Un préliminaire 2012 étude de New Delhi et des États-Unis ont également exploré la possibilité d'utiliser des techniques d'IA systématiques pour dériver un score d'intoxication à partir d'images oculaires, mais avec moins de succès que les recherches actuelles. Cette étude a également fourni un ensemble de données précieux (IITD Iris Under Alcohol Influence) à l'ensemble des travaux dans ce domaine.

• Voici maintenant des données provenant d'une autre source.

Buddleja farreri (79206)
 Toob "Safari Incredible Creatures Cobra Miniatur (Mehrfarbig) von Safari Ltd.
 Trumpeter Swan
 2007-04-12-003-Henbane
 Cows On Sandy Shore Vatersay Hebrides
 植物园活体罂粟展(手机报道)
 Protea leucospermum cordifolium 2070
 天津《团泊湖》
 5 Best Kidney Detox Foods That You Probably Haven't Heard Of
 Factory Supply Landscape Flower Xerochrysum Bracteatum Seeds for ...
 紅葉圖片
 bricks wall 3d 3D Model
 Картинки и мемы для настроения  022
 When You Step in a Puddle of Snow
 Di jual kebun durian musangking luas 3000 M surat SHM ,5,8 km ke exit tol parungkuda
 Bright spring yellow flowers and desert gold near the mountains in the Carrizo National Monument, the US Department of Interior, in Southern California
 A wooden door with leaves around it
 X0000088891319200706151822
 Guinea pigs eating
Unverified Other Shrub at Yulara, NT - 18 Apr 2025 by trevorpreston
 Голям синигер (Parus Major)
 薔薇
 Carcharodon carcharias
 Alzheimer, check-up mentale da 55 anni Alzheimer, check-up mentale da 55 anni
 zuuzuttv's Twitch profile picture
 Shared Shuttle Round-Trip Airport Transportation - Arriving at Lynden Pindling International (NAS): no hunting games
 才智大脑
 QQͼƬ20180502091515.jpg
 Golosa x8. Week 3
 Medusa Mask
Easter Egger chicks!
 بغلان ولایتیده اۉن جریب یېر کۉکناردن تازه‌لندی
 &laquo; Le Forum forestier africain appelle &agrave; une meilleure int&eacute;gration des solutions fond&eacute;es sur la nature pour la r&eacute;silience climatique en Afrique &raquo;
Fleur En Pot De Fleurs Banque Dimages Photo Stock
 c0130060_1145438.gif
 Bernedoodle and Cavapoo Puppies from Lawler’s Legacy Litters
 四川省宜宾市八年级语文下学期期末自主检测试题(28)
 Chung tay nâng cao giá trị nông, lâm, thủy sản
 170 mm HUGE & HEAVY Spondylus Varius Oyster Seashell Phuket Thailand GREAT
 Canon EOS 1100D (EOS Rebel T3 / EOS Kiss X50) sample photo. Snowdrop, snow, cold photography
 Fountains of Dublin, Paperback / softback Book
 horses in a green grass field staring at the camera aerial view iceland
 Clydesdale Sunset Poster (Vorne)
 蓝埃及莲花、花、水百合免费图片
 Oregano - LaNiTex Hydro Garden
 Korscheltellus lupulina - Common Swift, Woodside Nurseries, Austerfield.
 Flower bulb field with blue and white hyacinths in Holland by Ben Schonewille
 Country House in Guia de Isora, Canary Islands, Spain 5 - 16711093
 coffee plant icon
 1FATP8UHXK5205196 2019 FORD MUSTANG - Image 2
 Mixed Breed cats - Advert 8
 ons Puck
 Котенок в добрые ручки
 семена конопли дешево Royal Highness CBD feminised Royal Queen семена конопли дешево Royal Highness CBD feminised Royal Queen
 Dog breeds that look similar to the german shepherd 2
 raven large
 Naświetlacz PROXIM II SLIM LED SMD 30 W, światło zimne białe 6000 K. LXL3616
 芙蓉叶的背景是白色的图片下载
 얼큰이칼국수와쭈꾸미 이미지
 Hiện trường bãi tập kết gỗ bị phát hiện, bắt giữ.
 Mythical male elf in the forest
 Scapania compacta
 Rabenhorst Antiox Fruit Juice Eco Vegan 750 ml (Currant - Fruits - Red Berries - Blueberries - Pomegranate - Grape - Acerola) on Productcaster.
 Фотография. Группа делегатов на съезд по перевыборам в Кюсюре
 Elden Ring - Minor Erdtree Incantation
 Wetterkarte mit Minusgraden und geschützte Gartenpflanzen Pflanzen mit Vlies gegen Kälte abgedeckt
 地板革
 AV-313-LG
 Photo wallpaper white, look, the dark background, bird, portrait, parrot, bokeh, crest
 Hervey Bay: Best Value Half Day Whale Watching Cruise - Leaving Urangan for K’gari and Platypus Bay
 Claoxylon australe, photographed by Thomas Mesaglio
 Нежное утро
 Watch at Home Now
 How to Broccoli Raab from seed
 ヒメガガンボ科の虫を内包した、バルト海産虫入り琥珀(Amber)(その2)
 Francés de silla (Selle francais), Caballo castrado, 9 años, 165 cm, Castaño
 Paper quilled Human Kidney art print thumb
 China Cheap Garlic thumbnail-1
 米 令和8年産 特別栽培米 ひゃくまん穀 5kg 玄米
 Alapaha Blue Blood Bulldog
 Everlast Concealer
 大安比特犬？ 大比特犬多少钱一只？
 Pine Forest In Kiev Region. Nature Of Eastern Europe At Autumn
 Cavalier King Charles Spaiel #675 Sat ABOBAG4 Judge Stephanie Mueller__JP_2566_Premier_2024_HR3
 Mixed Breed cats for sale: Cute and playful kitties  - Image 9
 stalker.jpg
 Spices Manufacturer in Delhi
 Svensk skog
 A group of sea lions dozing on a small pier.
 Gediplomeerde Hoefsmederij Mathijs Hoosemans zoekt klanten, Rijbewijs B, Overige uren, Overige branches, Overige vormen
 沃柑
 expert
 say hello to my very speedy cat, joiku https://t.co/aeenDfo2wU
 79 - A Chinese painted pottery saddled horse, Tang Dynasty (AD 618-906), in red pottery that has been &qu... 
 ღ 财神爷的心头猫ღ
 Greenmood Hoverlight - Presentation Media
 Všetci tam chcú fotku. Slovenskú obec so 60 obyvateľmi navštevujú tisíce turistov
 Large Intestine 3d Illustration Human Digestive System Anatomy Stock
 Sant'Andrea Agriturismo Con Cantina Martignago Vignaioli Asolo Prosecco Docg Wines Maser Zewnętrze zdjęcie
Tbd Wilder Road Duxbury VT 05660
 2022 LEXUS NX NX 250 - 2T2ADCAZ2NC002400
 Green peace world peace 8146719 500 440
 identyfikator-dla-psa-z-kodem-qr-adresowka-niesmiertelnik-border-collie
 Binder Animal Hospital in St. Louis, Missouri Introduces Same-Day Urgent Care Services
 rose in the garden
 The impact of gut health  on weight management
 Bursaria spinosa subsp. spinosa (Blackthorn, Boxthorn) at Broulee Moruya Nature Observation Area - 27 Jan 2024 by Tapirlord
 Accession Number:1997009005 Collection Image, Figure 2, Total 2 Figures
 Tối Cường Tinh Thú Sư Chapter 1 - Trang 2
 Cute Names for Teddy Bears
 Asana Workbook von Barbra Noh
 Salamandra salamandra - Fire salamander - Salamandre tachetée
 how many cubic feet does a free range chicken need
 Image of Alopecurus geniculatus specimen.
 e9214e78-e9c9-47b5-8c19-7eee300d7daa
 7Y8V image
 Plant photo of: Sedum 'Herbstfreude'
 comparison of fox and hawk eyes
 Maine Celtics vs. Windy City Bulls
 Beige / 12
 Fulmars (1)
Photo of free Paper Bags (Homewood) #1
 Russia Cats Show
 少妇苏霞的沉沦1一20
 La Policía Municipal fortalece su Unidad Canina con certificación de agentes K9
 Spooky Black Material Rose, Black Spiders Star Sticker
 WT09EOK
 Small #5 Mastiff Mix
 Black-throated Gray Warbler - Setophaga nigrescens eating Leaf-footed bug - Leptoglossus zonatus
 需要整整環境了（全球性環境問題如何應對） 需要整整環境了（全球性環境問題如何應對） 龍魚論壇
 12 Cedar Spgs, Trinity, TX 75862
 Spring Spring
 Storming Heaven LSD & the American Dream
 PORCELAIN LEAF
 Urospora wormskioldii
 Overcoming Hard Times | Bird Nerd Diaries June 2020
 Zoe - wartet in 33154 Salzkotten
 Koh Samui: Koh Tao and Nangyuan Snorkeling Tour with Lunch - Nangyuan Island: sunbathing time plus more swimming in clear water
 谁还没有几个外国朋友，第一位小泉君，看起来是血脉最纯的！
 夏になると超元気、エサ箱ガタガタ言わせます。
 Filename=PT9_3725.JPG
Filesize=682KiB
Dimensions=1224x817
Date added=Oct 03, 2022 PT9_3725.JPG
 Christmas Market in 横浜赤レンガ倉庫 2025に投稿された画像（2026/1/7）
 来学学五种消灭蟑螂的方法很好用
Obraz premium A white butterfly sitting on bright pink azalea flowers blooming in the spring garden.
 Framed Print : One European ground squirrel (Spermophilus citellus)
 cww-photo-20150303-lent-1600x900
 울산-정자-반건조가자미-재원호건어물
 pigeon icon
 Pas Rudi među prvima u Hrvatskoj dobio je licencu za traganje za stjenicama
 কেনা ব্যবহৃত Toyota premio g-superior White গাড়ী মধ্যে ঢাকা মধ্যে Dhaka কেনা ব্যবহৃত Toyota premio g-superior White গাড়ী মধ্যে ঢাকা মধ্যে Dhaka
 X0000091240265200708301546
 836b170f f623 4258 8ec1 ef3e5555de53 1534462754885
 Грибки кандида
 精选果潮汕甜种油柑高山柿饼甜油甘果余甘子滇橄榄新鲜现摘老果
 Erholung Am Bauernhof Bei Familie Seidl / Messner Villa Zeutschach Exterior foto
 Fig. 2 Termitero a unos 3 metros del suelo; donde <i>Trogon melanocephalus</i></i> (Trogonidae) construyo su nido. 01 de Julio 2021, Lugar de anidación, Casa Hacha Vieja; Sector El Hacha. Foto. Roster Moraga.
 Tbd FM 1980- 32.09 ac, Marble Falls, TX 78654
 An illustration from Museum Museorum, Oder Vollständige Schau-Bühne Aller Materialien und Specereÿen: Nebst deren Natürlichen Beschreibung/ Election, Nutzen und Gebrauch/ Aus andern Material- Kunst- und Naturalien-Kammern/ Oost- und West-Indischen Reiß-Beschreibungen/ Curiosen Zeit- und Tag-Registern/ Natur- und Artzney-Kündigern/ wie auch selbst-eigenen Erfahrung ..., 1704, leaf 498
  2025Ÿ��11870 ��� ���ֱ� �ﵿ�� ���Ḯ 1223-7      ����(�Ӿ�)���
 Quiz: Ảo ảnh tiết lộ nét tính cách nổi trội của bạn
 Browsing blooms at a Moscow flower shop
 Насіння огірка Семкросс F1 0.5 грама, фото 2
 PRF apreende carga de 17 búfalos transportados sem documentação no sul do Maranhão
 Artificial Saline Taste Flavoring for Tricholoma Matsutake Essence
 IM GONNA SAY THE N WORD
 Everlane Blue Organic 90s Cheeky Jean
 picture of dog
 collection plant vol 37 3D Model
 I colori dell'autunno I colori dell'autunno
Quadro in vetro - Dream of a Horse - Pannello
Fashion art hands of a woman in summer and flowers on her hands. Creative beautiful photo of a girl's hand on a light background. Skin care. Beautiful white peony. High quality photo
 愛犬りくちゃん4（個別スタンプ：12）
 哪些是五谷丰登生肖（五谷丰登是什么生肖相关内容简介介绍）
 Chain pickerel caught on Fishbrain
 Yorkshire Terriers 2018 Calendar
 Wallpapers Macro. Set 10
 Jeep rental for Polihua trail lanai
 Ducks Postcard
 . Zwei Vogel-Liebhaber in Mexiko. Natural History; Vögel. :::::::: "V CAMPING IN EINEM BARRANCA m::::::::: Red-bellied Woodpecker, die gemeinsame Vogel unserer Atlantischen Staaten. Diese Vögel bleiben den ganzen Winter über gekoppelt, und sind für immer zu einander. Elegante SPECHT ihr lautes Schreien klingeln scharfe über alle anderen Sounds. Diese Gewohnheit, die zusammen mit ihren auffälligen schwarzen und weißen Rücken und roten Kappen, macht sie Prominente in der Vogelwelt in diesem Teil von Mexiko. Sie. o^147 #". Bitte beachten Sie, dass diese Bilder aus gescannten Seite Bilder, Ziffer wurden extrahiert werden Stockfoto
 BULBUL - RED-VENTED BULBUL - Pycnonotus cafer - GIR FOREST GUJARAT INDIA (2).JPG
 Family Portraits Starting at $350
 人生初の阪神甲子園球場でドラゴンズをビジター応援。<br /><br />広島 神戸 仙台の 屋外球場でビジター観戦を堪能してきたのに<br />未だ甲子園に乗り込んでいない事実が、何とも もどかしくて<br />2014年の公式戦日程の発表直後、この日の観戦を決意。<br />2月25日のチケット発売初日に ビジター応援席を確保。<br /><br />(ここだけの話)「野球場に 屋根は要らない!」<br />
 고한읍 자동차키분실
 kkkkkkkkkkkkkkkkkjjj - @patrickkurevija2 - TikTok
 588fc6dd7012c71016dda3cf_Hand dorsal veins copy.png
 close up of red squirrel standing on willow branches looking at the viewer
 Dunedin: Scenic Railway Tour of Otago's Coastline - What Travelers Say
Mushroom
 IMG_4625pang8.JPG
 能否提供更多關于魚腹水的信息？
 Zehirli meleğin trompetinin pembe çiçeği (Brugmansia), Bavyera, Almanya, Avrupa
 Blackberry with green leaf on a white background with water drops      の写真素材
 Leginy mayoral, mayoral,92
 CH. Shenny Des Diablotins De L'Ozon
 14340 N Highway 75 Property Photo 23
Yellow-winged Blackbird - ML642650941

Cependant, les innovations récentes en matière d'informatique de pointe et d'optimisation des ressources matérielles d'apprentissage automatique mobile ouvrent le champ à des applications beaucoup plus mobiles de contrôles pré-activité pour l'intoxication, y compris des capteurs embarqués qui pourraient potentiellement ajouter des contrôles d'iris aux méthodes actuelles qui sont d'intérêt. au système de détection d'alcool du conducteur pour la sécurité (DADSS) cadre en cours d'élaboration aux États-Unis - qui s'est jusqu'à présent appuyé sur des capteurs d'alcool cutané et sur l'évaluation de l'air à bord des véhicules pour détecter les vapeurs d'alcool.
rapport ont estimé que l'adoption de technologies de ce type pourrait sauver 11,000 XNUMX vies par an rien qu'aux États-Unis.